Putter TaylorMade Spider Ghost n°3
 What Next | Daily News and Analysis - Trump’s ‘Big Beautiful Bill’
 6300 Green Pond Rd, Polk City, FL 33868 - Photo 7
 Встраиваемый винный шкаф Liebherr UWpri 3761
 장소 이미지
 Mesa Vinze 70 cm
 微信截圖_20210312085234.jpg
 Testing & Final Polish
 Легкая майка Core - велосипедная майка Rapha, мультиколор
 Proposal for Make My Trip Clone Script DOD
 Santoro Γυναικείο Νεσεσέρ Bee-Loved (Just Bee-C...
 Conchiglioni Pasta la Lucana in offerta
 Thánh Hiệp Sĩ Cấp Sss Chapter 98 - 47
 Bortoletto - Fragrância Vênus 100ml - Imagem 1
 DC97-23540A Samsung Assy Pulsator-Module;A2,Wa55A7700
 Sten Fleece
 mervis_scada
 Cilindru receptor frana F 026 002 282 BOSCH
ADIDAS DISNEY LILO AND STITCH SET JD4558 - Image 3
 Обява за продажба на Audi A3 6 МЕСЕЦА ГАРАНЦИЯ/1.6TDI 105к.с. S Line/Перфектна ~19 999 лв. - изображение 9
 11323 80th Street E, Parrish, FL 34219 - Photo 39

━━━━━━━━

## PROBLEM DESCRIPTION
The whole of the data is to be returned with every line intact.

## TASK ANSWER
Putter TaylorMade Spider Ghost n°3
 What Next | Daily News and Analysis - Trump’s ‘Big Beautiful Bill’
 6300 Green Pond Rd, Polk City, FL 33868 - Photo 7
 Встраиваемый винный шкаф Liebherr UWpri 3761
 장소 이미지
 Mesa Vinze 70 cm
 微信截圖_20210312085234.jpg
 Testing & Final Polish
 Легкая майка Core - велосипедная майка Rapha, мультиколор
 Proposal for Make My Trip Clone Script DOD
 Santoro Γυναικείο Νεσεσέρ Bee-Loved (Just Bee-C...
 Conchiglioni Pasta la Lucana in offerta
 Thánh Hiệp Sĩ Cấp Sss Chapter 98 - 47
 Bortoletto - Fragrância Vênus 100ml - Imagem 1
 DC97-23540A Samsung Assy Pulsator-Module;A2,Wa55A7700
 Sten Fleece
 mervis_scada
 Cilindru receptor frana F 026 002 282 BOSCH
ADIDAS DISNEY LILO AND STITCH SET JD4558 - Image 3
 Обява за продажба на Audi A3 6 МЕСЕЦА ГАРАНЦИЯ/1.6TDI 105к.с. S Line/Перфектна ~19 999 лв. - изображение 9
 11323 80th Street E, Parrish, FL 34219 - Photo 39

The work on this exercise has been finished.